Etikett mithilfe eines Lexikons studieren
Dabei muss sogleich angemerkt werden, dass fast keines der gerade aufgezählten Schlagwörter rechtsverbindlich definiert ist, sondern jedem Hersteller bei der Verwendung viel Spielraum bleibt. So kann ein Produzent sein Erzeugnis auch dann als Naturkosmetik deklarieren, wenn er chemisch-synthetische Abkömmlinge von natürlichen Rohstoffen darin verarbeitet hat – was häufig Vorwürfe des Greenwashings zur Folge haben kann. Wer auf der sicheren Seite sein möchte, muss daher die Angaben des Etiketts gründlich studieren. Allerdings dürfte sich dabei häufig die Mitnahme eines Chemie-Lexikons empfehlen. Die Beauty-Konzerne werden zunächst wohl nur einzelne Vorzeige-Produkte neu konzipieren können. Guerlain hat beispielsweise sein begehrtes Terracotta-Bronzepuder mit einer neuen Formel lanciert, die nun fast komplett auf pflanzenbasierten Inhaltsstoffen beruht, während der Großteil ihres Sortiments weiter auf konventioneller Kosmetik beruhen wird. Besonders die Umstellung beim Make-up hin zu gesünderen Alternativen gilt als ziemlich heikel. Die Kunden und Kundinnen werden sich bei neuen Produkten womöglich mit einem ungewohnten, nicht ganz so cremigem Feeling anfreunden müssen, wenn beispielsweise in Peelings oder Duschgels die winzigen Mikroplastikkügelchen durch zermahlene Kerne von Aprikosen, Mandeln oder Granatäpfeln beziehungsweise Reismehl ersetzt werden.

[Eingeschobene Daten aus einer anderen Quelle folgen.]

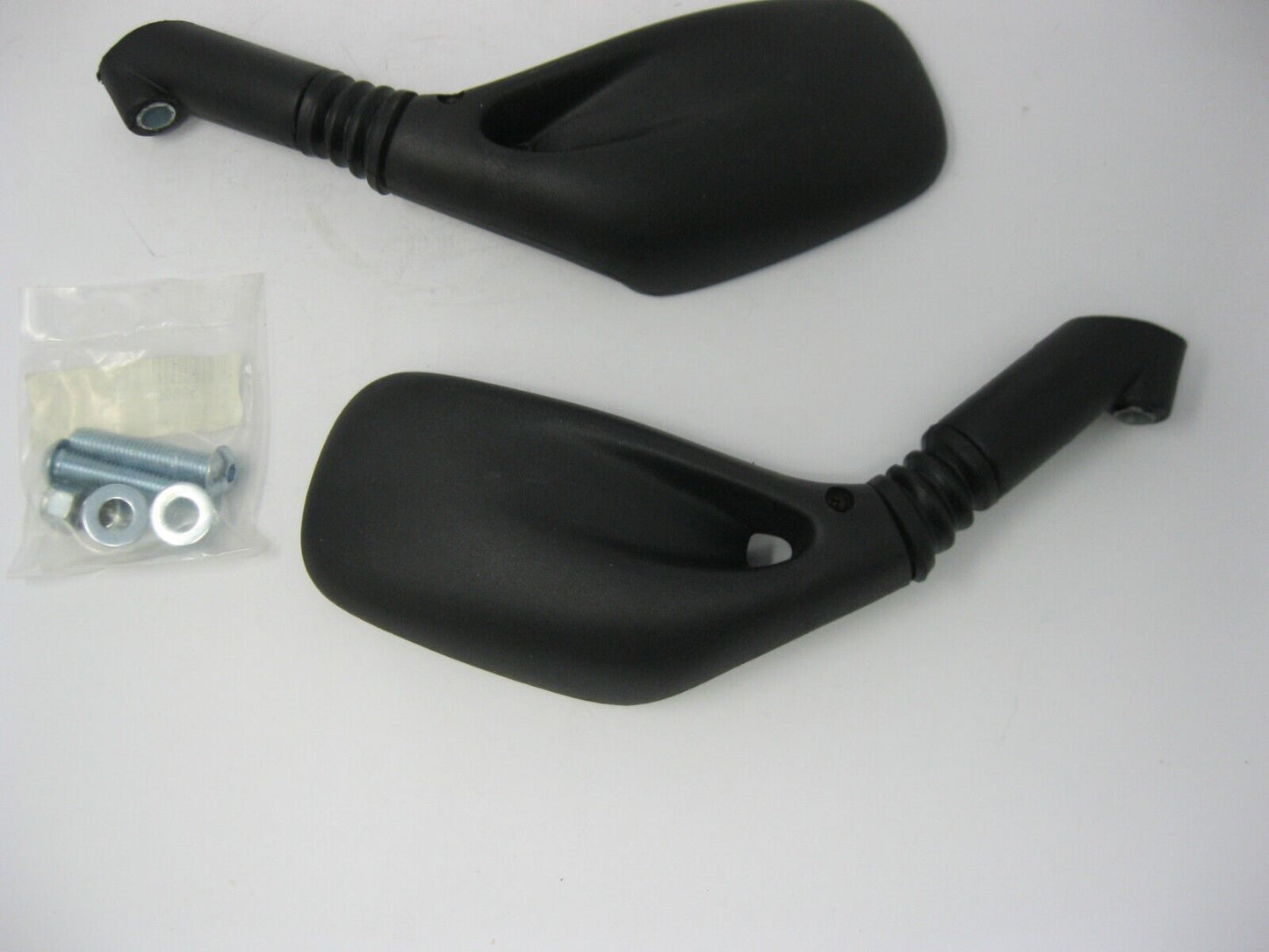 Mark II Scooter Mirrors Emgo Hand Fairing  SET 20-25191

Vergleichsweise einfacher ist es für die Beauty-Konzerne, einen Beitrag zur Abfallreduktion im Sinne von Zero Waste zu leisten (beispielsweise durch Verpackungen aus Plastikalternativen wie Maisstärke oder Bambus). So haben sich die Estée-Lauder-Gruppe, Procter & Gamble (vor allem für Pantene Pro-V) oder auch L’Oréal (vor allem mit seinem Label Garnier, das ein Green Beauty getauftes Nachhaltigkeitsprogramm vorgestellt hat) für die kommenden Jahre das Ziel gesetzt, einen Großteil der Verpackungen entweder nachfüllbar (beispielsweise durch Verwendung von Glastiegeln statt Plastikbehältnissen), wiederverwendbar oder recyclebar zu machen. Clarins hat für seine Duftmarke Mugler schon seit 1992 die „Mugler Source" als nachfüllbare Parfümquelle im Handel etabliert. Auch der Pariser Luxuskonzern LVMH hat sich, besonders für seine Marke Guerlain, leichtere Verpackungen, nachfüllbare Formate und auch natürlichere Inhalte auf die Fahne geschrieben. Darüber hinaus möchte der Konzern bis 2028 klimaneutral werden, was nichts anderes bedeutet, als dass die beim Produktionsprozess entstandenen CO2-Emissionen wieder ausgeglichen werden müssen, wofür die Finanzierung von öko-sozialen Projekten (beispielsweise mit bäuerlichen Rohstoffproduzenten, wie es das Label Nature Box der Gruppe Schwarzkopf & Henkel mit nachhaltigen Palmöl-Erzeugern macht) oder auch sogenannten Social-Impact-Projekten bestens geeignet ist. Chanel hat sich bislang nicht explizit als nachhaltiges Beauty-Label positioniert, hat aber auf die Förderung von Plantagen in verschiedensten Teilen der Welt hingewiesen, wo die Rohstoffe für Chanel-Produkte auf nachhaltige Weise angebaut werden.
Nachhaltigkeit bei Lippenstiften ist relevant
Dennoch bleibt für die Beauty-Branche noch viel zu tun, um in der breiten Öffentlichkeit als nachhaltig anerkannt zu werden. Laut einer repräsentativen Umfrage des Verbandes der Vertriebsfirmen Kosmetischer Erzeugnisse VKE aus dem Jahr 2020 hatte gerade mal ein Fünftel der Bundesbürger der Schönheits-Industrie das Nachhaltigkeits-Etikett bescheinigen wollen. Kein toller Wert, zumal laut Umfrage die Nachhaltigkeit als Kaufargument nach Qualität und Preis-Leistungs-Verhältnis an dritter Stelle genannt wurde. Wobei für die Verbraucher die Nachhaltigkeit des Angebots bei Düften oder Nagellack weniger relevant war als bei Lippenstiften oder Produkten für die Gesichtspflege.